Where have you been during the last five years? :-|
Hardware vertex processing got programmable starting with the Geforce 3/Radeon 8500 generation in the PC space.
Vertex shaders are programs. I.e. specified by the application/game, sent to the hardware by the driver, and executed there (inside the GPU) for each vertex that passes through.
DiGuru said:
Well, some description of the objects (vertices, connections and textures), and the lighting that has to be applied to them. But I'm taking a more database-like point of view than you, I guess, as you're probably thinking about how the GPU would handle it. While I'm thinking about the minimal data I would need to store the objects as whole entities. With all the attributes needed to show them when placed in a scene.
Frankly, your "database" view is exactly what games have been doing all these years. Every rendering system worth talking about at least bears some resemblence to a scene graph/database. In the simplest case you have a completely static scene and can move the camera around, from which follows that you have at least one object mesh ("... whole entities") and a mathematical description of the camera, which happens to be a 4x4 transformation matrix in practice ("attributes needed to show them"). Textures, constant colors (green teapot vs orange teapot) etc further extend the "attributes needed to show them".

And real games have always done much more than that.

Meanwhile the hardware and accompanying APIs have evolved to support ever bigger and fancier databaseish features. E.g. fixed function vertex processing allows you to reuse a single mesh description for multiple instances of the same mesh in the same scene, by just loading a new transform matrix (64 bytes). This was software first, but then moved to hardware.

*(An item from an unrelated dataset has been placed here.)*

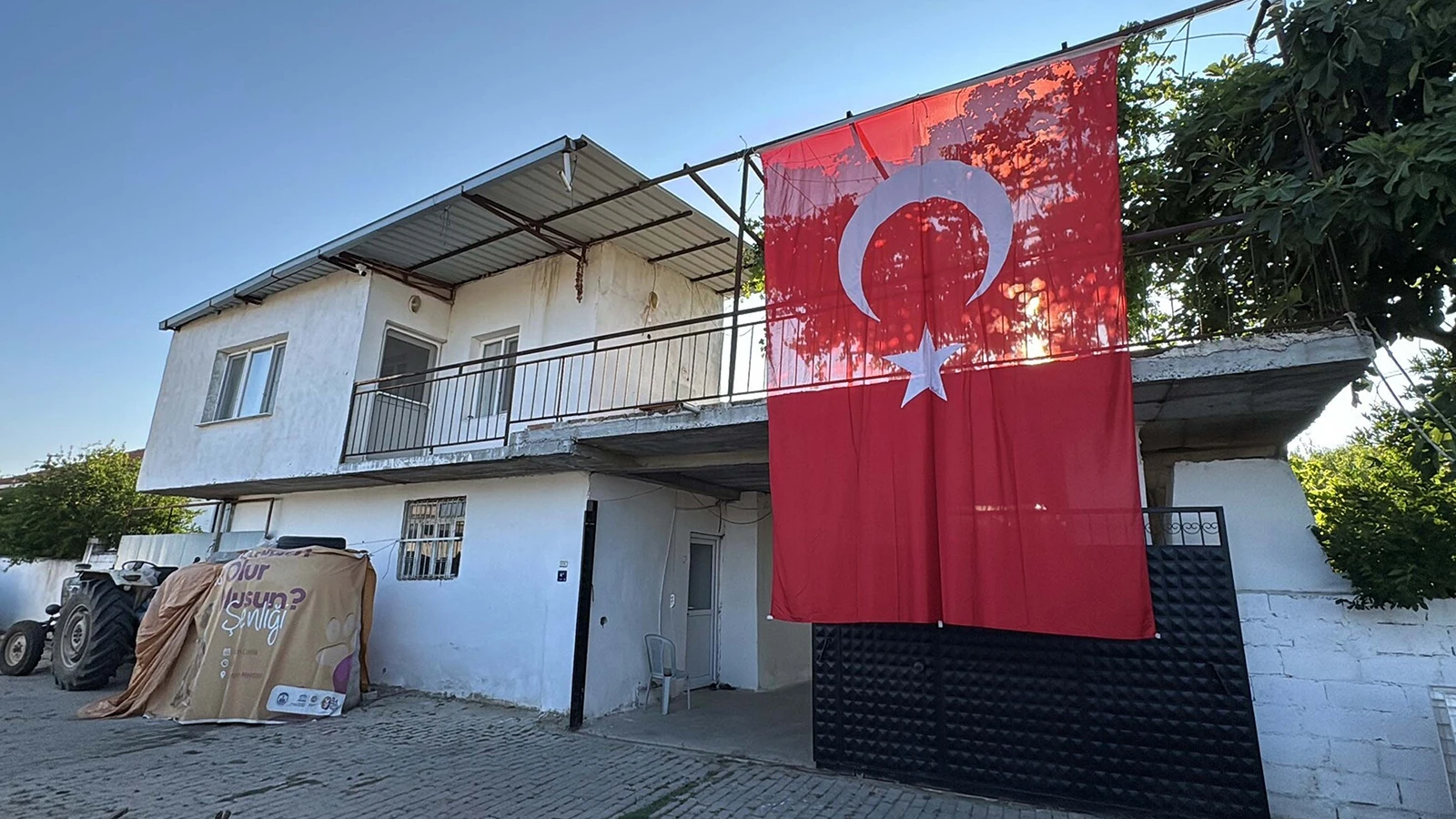 Şehit polis memurunun babaevine Türk bayrağı asıldı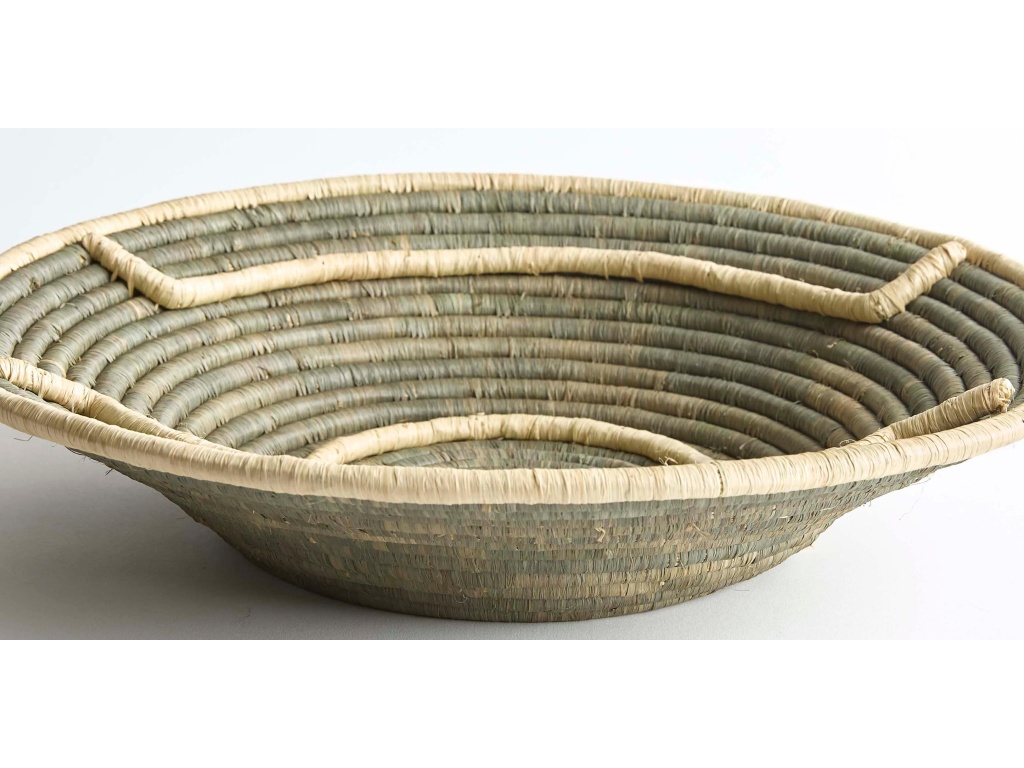 Embrace Wall Basket - image 7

HW fixed function transformation could only get the maximum bang out of static meshes though, and likewise mesh storage in graphics memory only made sense for static meshes. Deformations had to be done on the host CPU.
With programmable vertex processing you can do deformations on the hardware side very flexibly, and you can also put all the inputs in graphics memory (because they will stay static, despite of the result being dynamic).

All types of resources (geometry, vertex programs, fragment programs, constants for either, render targets, what-have-you) can be mixed and matched today after being specified/uploaded once.

I hope this wasn't all too obvious but after reading your post I thought it was worth mentioning :-|
 
Gi Guru's point is reasonable.

Currently the game runtime mIntains the complete scene description in some data structue (often referred to as a scene graph) and then submits some subset of that scene to the hardware generally as a set of Hardware instructions with no structire.

What he's suggesting I assume is that you move the entire scene descriptions and mangement onto the hardware. The hardware does the top level culling, and draws what's required. The application would simply update the changes to the scene.

Unfortunately this leads to the application holding a parallel data structure so it can keep track of the changes itself, it already needs to know where everything in the world is and their relationship to each other, so you don't save the data structure. And in large dynamic scenes it's entirely possible that you would have to move more data to the card than you would if you jsut created a new display list for the card.

Various bits and pieces of hardware have been able to do it at some level over the years, even the (very misnamed) Fast3D library on N64 allowed you to submit a sphere primitive that would jump over subsequent draw calls to allow object culling on the GPU. Having said that it was still more efficient in general to do the test on the CPU and not submit the primitives.

The only reason I can see for going this way is raytracing, where because of reflections it's unclear whether an object offscreen has significant impact on the final pixel.